Also, the site capacity site is calculated by Eq. (2) (Adl and Rankoohi 2009).

$${siteCap}_{i}= {p}_{i}*max{}_{1\le j\le m}({fragSize}_{j})$$
(2)

The site capacity should not be more than \({\mathrm{fragSize}}_{\mathrm{j}}*{\mathrm{x}}_{\mathrm{ij}}\) during the fragments replacement on the site, as calculated by Eq. (3) (Adl and Rankoohi 2009).

$$\sum_{\mathrm{j}=1}^{\mathrm{m}}{\mathrm{fragSize}}_{\mathrm{j}}*{\mathrm{x}}_{\mathrm{ij}}\le {\mathrm{siteCap}}_{\mathrm{i}}\mathrm{ i}=\mathrm{1,2},\dots ,\mathrm{n}$$
(3)

COST1 is calculated from the allocation of the fragments on sites according to Eq. (4)) (Adl and Rankoohi 2009).
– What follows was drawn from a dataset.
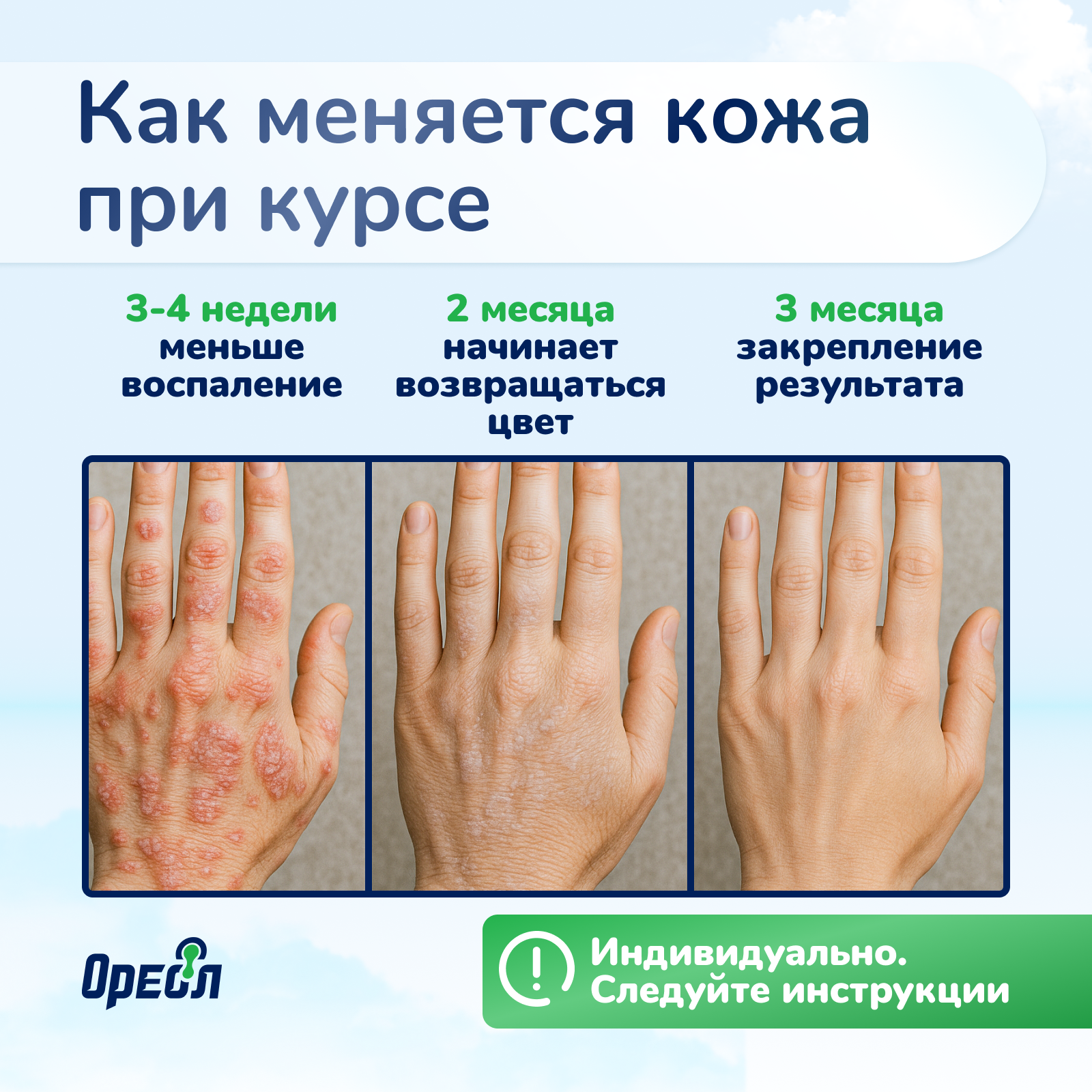 Ультрафиолетовая лампа Ореол Здоровья ОУФК-311 - фото 11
According to fragment size and site capacity, fragments are allocated to sites and the vector is created.

$${\mathrm{partialcost}1}_{\mathrm{ij}}=\sum_{\mathrm{q}=1}^{\mathrm{n}}{\mathrm{uc}}_{\mathrm{iq}}* {\mathrm{stfr}}_{\mathrm{qj}}$$
(4)

Vector (Eq. (5)) (Adl and Rankoohi 2009) is related to the COST1 calculation.

$$\text{COST}1\left(\mathrm{\psi}\right)=\sum_{\mathrm{j}=1}^{\mathrm{m}}{\text{partialcost}1}_{{\mathrm{\psi}j}^{\mathrm{j}}}$$
(5)

COST2, the parameter calculated as the query from the site j1 to j2, has been taken. The COST parameter is calculated through the matrix q. The matrix is calculated through multiplying the sum of the column with the element of the \(freg\) matrix by the matrix (Eq. (6)) (Adl and Rankoohi 2009).
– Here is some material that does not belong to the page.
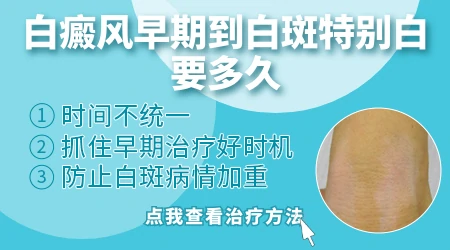 白癜风怎么治疗见效快恢复率高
$${\mathrm{qfr}}_{\mathrm{kj}1\mathrm{j}2}={\mathrm{q}}_{\mathrm{kj}1\mathrm{j}2}*\sum_{\mathrm{r}=1}^{\mathrm{n}}{\mathrm{freq}}_{\mathrm{kr}}$$
(6)

FRDEP matrix is calculated based on the accumulation of the transaction cost between fragments (Eq. (7)) (Adl and Rankoohi 2009).

$${frdep}_{j1j2}=\sum_{k=1}^{l}{qfr}_{kj1j2}$$
(7)

COST2 is achieved through the FRDEP matrix and vector, as shown by Eq. (8) (Adl and Rankoohi 2009), through multiplying.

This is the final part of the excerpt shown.